From: Ian Munsie <imunsie@au1.ibm.com>
To: Frederic Weisbecker <fweisbec@gmail.com>
Cc: linux-kernel <linux-kernel@vger.kernel.org>,
Steven Rostedt <rostedt@goodmis.org>,
Ingo Molnar <mingo@redhat.com>, Li Zefan <lizf@cn.fujitsu.com>,
Masami Hiramatsu <mhiramat@redhat.com>,
Jiri Olsa <jolsa@redhat.com>, Tejun Heo <tj@kernel.org>
Subject: Re: [PATCH v2] ftrace: record command lines at more appropriate moment
Date: Thu, 29 Jul 2010 20:26:13 +1000 [thread overview]
Message-ID: <1280397883-sup-6572@au1.ibm.com> (raw)
In-Reply-To: <20100729025039.GD13088@nowhere>
Excerpts from Frederic Weisbecker's message of Thu Jul 29 12:50:41 +1000 2010:
> So, in fact we can't do this. There is a strong reason that makes us maintaining
> the cmdline resolution on sched switch rather than on tracing time: for
> performances and scalability.
>
> Look at what does tracing_record_cmdline():
>
> - it's one more call
> - it checks a lot of conditions
> - takes a spinlock (gives up if already in use, but that's still bad for the cache
> in a tracing path)
> - deref a shared hashlist
> ...
>
>
> Currently that is made on sched switch time, which means quite often.
> Now imagine you turn on the function tracer: this is going to happen
> for _every_ function called in the kernel. There is going to be a lot
> of cache ping pong between CPUs due to the spinlock for example, for
> every function this is clearly unacceptable (it would be twice per
> function with the function graph tracer).
>
> And still there are also all the things with the hashlist deref, the checks,
> etc...
>
> It's not only the function tracers. The lock events will also show you very
> bad results. Same if you enable all the others together.
My first thought when reading this was to make the saved_cmdlines and
related data per CPU to reduce a lot of the cache ping pong, but I'm
happy to take the alternate approach you suggest.
> Better have a new call to tracing_record_cmdline() made from the fork
> and exec tracepoints to solve this problem.
> But still, that only solves the lazy update and not all the problems
> you've listed in this changelog.
Still, it would scratch my itch so I'm happy to take that approach.
> In fact cmdline tracking would grow in complexity in the kernel if we had
> to make it correctly. Ideally:
>
> * dump every tasks when we start tracing, and map their cmdlines
> * do the pid mapping per time interval.
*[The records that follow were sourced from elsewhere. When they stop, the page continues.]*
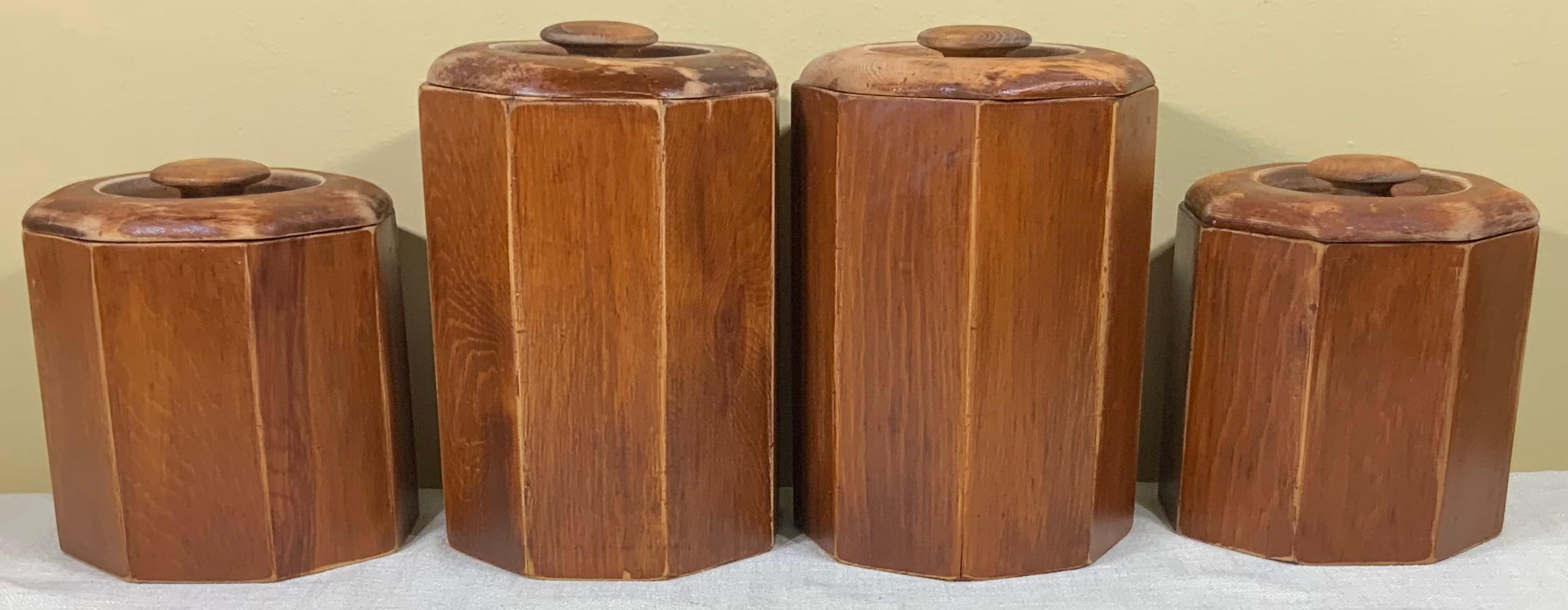 Mid-20th Century Set of Four, Coffee Tea, Sugar and Flour Dispensers For Sale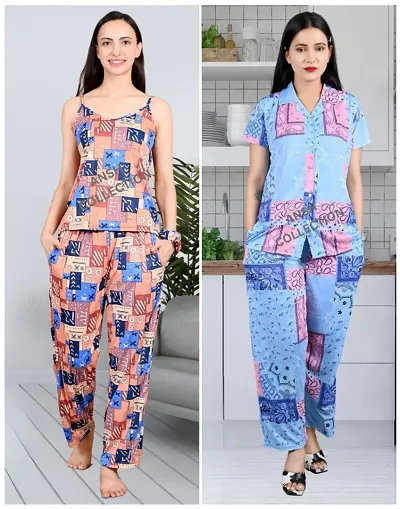 Pack Of 2 Printed Night Suit Combo For Women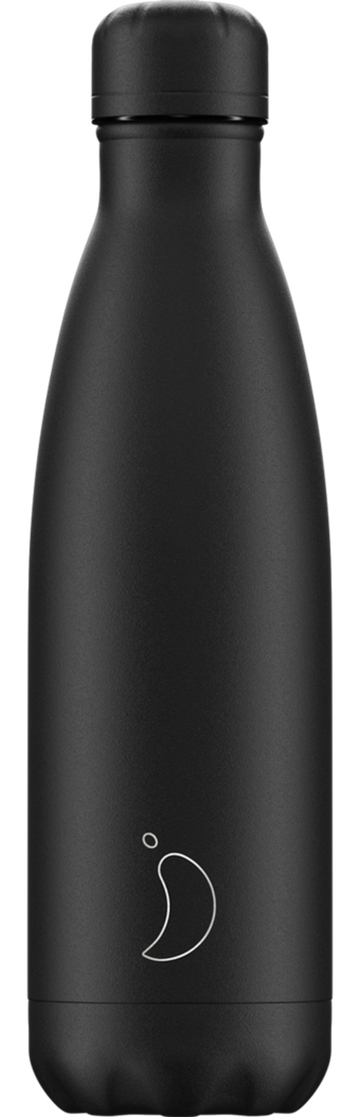 Chilly's Matte All Black 500ml bottle - Daisy Park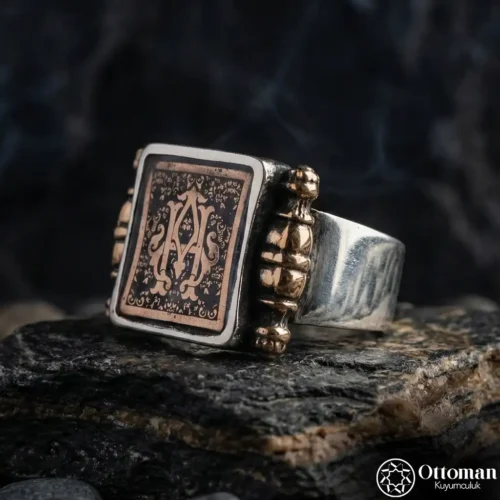 Harf Tasarımlı Gümüş Erkek Yüzük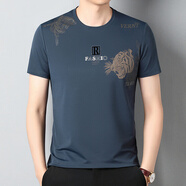 洋客冰絲短袖t恤男夏季新款時(shí)尚高端男士圓領(lǐng)休閑半袖潮流百搭打底衫 D款-藍色 3XL 建議170-185斤
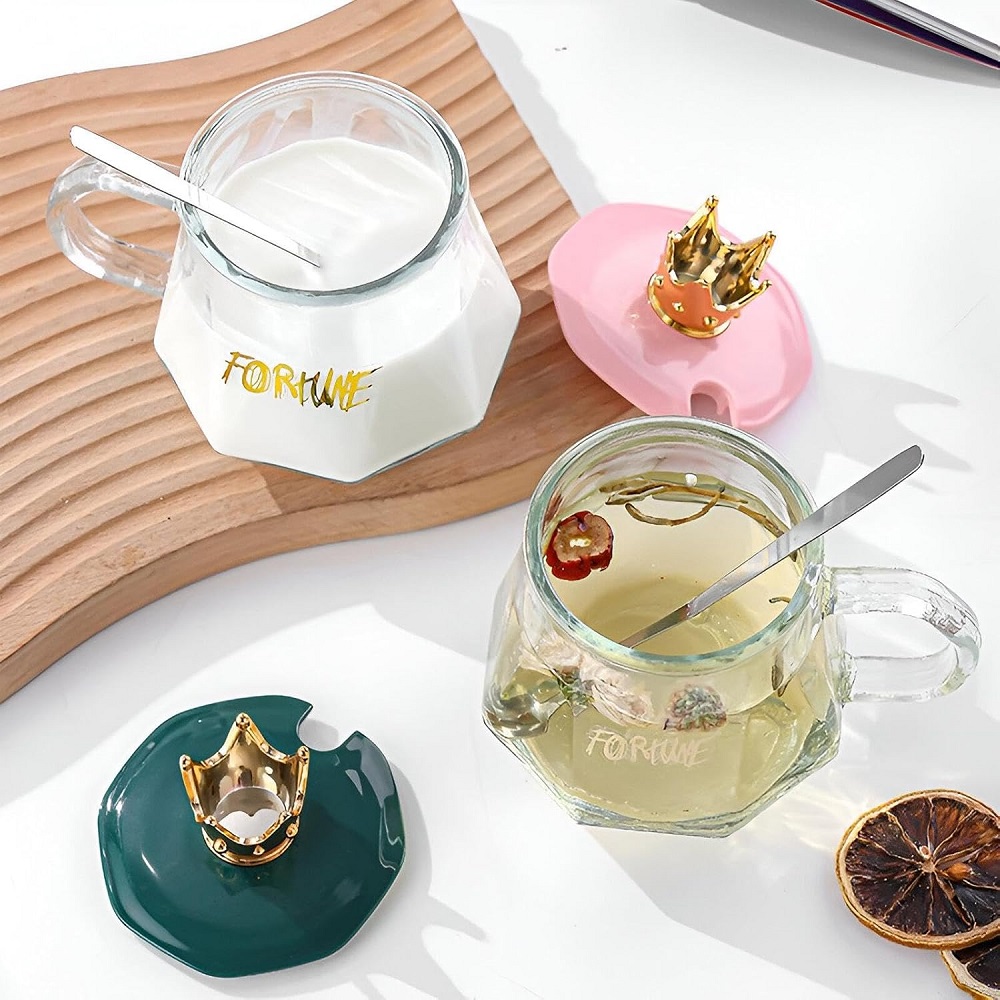 SET DE 3 TAZAS DE VIDRIO CON CUCHARA Y TAPA - 1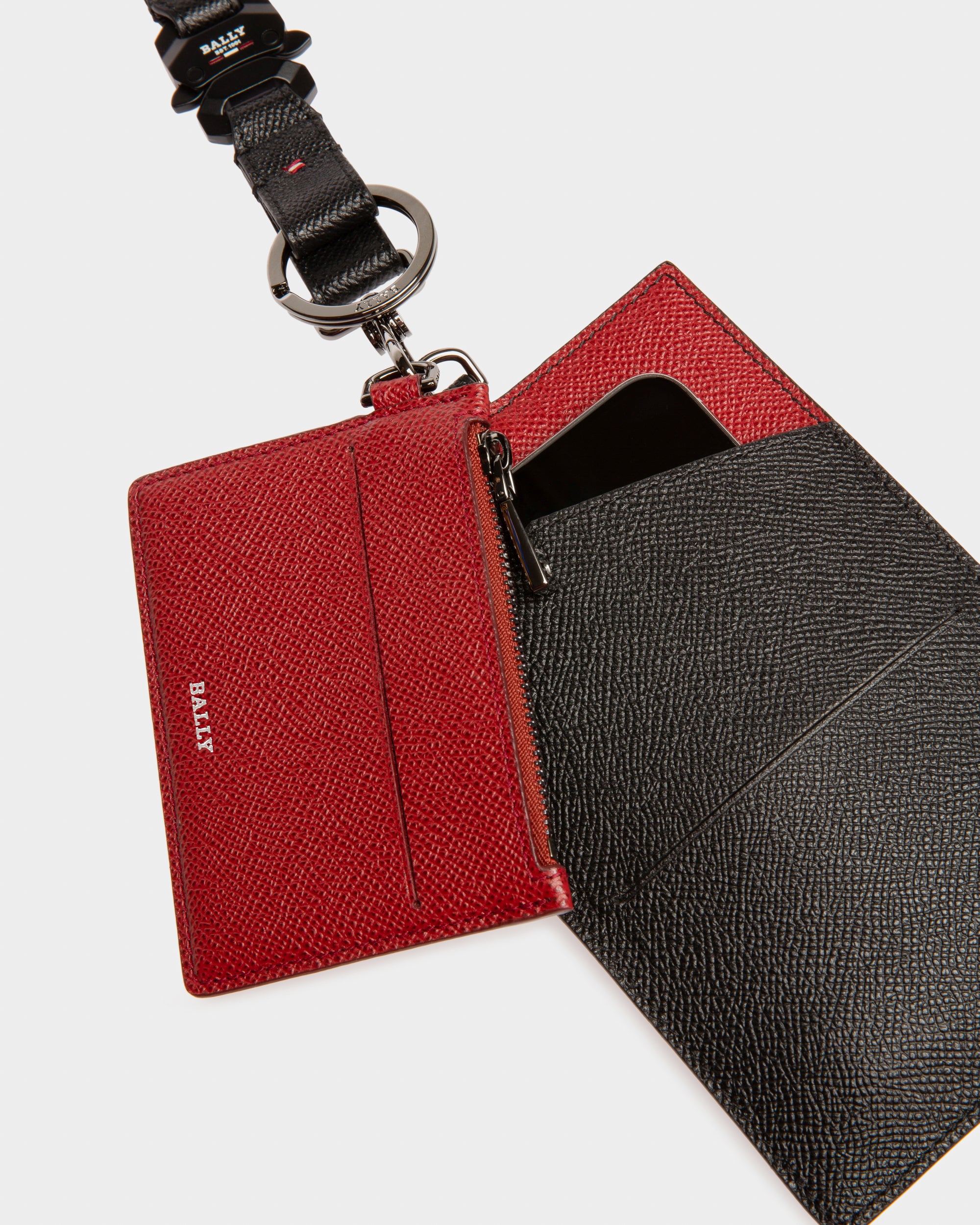 Braad Leather Phone Wallet In Black - Men's - Bally - 03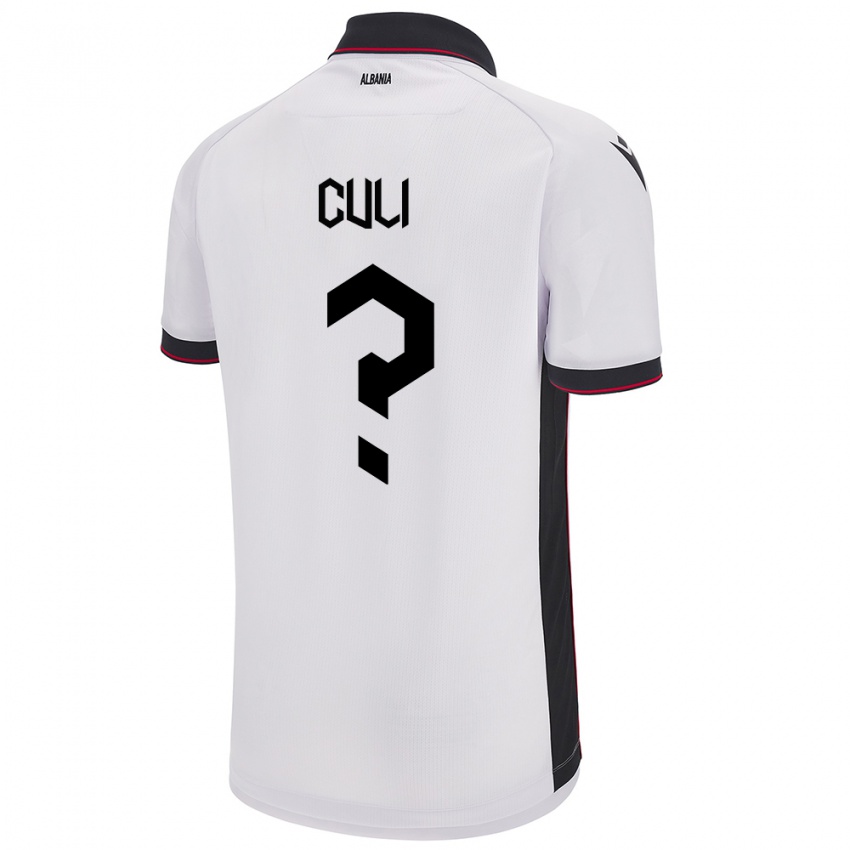 Kinderen Albanië Daniel Culi #0 Wit Uitshirt Uittenue 24-26 T-Shirt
Keys in the hlist must be
> pid/start_time:end_time, not only pid anymore.
> * map new cmdlines from fork and exec events. If exec, we must open
> a new entry for our pid, closing noting end_time of this previous
> pid entry and open a new start_time for the new entry.
>
>
> And this would be way much more efficient than the sched_switch based
> thing we have. More efficient in terms of performance and per timeslice
> granularity.
>
> That's the kind of thing we'd better do from userspace, for tools like
> perf tools or trace-cmd. And perf tools do, partially (no time
> granularity yet).
I'd tend to agree, I find the in-kernel stuff most useful for watching
events on a live system. My itch was that I couldn't simply grep
trace_pipe for a command that I was about to run and reliably see all
it's events.
> But still, in-kernel made cmdline resolution is cool to have on
> some circumstances, especially on ascii tracing and dump. But
> for that I think we should just don't care further and keep this
> basic and non-perfect cmdline tracking, sufficient for most uses.
>
> In fact we could fix it by dumping the tasks comm from tasklist
> and hook on the fork and exec events, rather than sched switch.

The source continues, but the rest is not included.